Inspiration
Everyone has to face the reality of aging. A combination of stigma and cultural norms causes many to delay planning for care when they or their loved ones grow older, and even fewer understand how much they need to spend to maintain their desired lifestyle while aging in place.
Sharing this project’s pain points also encouraged others to open up about their experiences navigating eldercare services. One woman I spoke with at this hackathon shared how her mother’s dementia progressed rapidly, leaving her and her brother responsible for researching the care services the mother required.
Unfortunately, current online services do little to guide or educate users about the different types of service providers (e.g., Skilled Nursing Facilities vs. Assisted Living Facilities vs. Independent Living, or Home Health vs. Home Care). It’s a fragmented system, heavily built on handshake deals and the passing of patients between providers—often not in the best interest of the patient.
What it does
I built this hackathon with a focus on how generative AI can provide value. In this use case, we generate Care Plans based on diagnostic keywords. Care Plans consist of comprehensive medical and non-medical tasks that service providers develop when assessing a patient. Since much of the care is templatized, the idea was to use these care plans as a data source and extract a usable plan to help users:
- Get an idea of the types of services they might need
- Explore cost-effective alternatives to avoid high-cost or high-usage care
- Receive recommendations for placement or home modifications they may need in the future.
How we built it
I used the serverless framework to host a backend lambda service, accessible via API gateway. The backend service hosts our knowledge source, in this case example generated care plans made by Generative AI. Ideally, this will be either human authored care plans, or past care plans created for patients in order to build a more realistic dataset. For the frontend, React + Vite framework is used and connects to the backend via HTTPS requests.
Challenges we ran into
Ideally, the pipeline for care plan should stream content from the Generative AIuthor. I tried going down the AWS Bedrock route, hoping to be able to tie it to my use case, but I got stuck with syncing issues with the data source, which is supposed to be the mechanism that embeds the text from the S3 bucket datasource. If I had to do it over again, I probably would have brute forced it with some other cloud service like pinecone or had mongodb host the embeddings.

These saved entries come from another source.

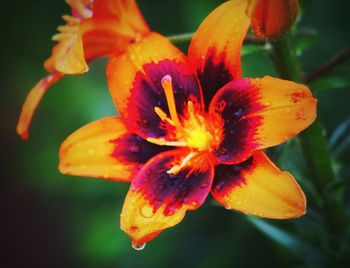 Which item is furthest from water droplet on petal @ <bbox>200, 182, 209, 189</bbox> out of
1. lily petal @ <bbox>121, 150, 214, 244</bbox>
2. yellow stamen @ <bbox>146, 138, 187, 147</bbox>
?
yellow stamen @ <bbox>146, 138, 187, 147</bbox>

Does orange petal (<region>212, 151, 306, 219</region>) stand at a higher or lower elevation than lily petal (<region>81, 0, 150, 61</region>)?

The other challenge was: It was also difficult to garner interest on the idea. Either the product wasn't tackling a sexy industry, or I wasn't representing the problem/solution well; either way, I found it difficult to gather teammates to either abandon their ideas or join out of curiosity.
Accomplishments that we're proud of
I would say my biggest accomplishment was advocating for an industry that many people tend to overlook. While refining the hackathon idea, I spoke with a lot of people, and most were curious about why I’m pursuing work in the eldercare space. The truth is, industries like this need more talent to make a meaningful impact, and advocating for our most vulnerable population is just as important as delivering a great product.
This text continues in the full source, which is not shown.